Sony to use MPEG-2 on Blu-ray movies

Petteri Pyyny
30 Nov 2005 2:00

Sony Pictures made an interesting statement on this week when they decided that they will use 11-years-old MPEG-2 on upcoming Blu-ray movie discs. Decision is slightly weird, since Blu-ray players will also support more modern video encoding mechanisms, such as Microsoft's VC-1 and MPEG-4 AVC.
By using either AVC or VC-1, Sony could have achieved even better picture quality for the movies that will use 1080i video resolution (1920x1080 as opposed to 720x480 on standard American DVDs). However, Sony claims that with Blu-ray's increased storage capacity (minimum of 25 gigabytes versus maximum of 8.5 gigabytes on DVDs), even MPEG-2 provides "good enough" picture quality when compared to DVDs. But, when considering mathematically the situation, their claim doesn't hold water -- HD-quality video, using 1920x1080 resolution has exactly six times more pixels than NTSC DVD-Video has, but Blu-ray's storage space is only about three times larger than dual layer DVD's storage space. Thus, the bitrate per pixel will be lower, if comparing side-by-side a DVD packed 100 percent full of video and Blu-ray full of HD-quality video. Sure, the better resolution most likely makes up the difference more than enough, but still the decision is rather unexpected.
Sony's main argument to support the decision to use MPEG-2 is that most movie studios are used to work with MPEG-2 format and aren't necessarily capable of using VC-1 or AVC well enough to justify the transition from MPEG-2.

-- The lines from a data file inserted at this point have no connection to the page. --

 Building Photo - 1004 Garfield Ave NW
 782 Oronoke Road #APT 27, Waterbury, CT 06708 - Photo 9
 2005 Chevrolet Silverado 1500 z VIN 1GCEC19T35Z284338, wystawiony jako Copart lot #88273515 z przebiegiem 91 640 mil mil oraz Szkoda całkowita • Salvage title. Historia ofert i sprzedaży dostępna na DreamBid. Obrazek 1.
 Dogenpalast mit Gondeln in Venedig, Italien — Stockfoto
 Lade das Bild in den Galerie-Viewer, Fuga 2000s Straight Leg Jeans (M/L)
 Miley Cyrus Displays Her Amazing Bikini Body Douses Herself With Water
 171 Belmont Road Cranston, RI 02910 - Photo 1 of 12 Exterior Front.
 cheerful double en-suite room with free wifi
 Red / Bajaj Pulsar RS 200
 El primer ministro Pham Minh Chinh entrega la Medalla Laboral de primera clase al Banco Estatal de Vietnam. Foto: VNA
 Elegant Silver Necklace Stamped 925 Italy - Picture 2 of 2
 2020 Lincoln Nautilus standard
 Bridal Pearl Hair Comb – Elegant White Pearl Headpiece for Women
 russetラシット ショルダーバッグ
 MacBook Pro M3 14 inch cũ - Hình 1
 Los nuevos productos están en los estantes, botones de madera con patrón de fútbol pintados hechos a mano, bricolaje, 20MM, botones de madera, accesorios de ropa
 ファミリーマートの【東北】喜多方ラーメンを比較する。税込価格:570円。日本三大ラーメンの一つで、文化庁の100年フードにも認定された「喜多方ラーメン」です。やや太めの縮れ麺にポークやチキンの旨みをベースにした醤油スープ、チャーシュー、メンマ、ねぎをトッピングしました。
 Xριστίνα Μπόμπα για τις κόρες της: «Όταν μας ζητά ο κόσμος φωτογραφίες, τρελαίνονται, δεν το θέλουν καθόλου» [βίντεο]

Obviously, this is only Sony's decision and as Blu-ray's specs rule that players need to support all approved video formats, including VC-1 and AVC, it means that other studios are free to use whichever format they prefer. But as Sony is likely to be the first studio to roll out large selection of Blu-ray -movies, it might give a wrong impression of the format's capabilities. Most people obviously wont care what the internal video format used is, as long as it provides better-than-DVD picture quality in HDTV-resolution.